* [Exercise directions]
All of the data that follows is to be printed exactly, without pictures.

* [Supplied data]
▬▬▬

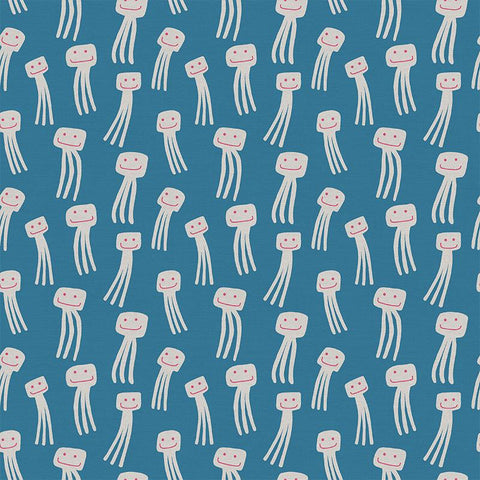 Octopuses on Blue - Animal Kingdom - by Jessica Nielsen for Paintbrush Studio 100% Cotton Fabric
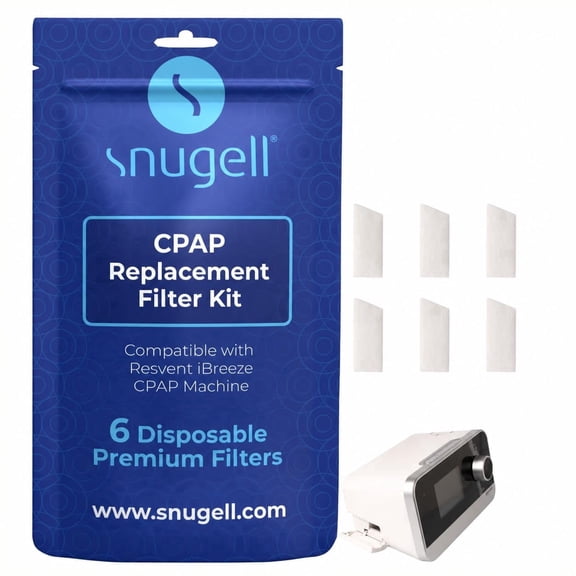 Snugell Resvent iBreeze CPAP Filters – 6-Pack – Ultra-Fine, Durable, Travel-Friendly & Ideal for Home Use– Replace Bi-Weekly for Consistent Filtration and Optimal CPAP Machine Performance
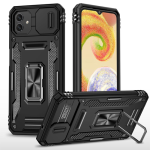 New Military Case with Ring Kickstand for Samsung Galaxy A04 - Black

▬▬▬

* [Problem solution]
 Octopuses on Blue - Animal Kingdom - by Jessica Nielsen for Paintbrush Studio 100% Cotton Fabric
 Snugell Resvent iBreeze CPAP Filters – 6-Pack – Ultra-Fine, Durable, Travel-Friendly & Ideal for Home Use– Replace Bi-Weekly for Consistent Filtration and Optimal CPAP Machine Performance
 New Military Case with Ring Kickstand for Samsung Galaxy A04 - Black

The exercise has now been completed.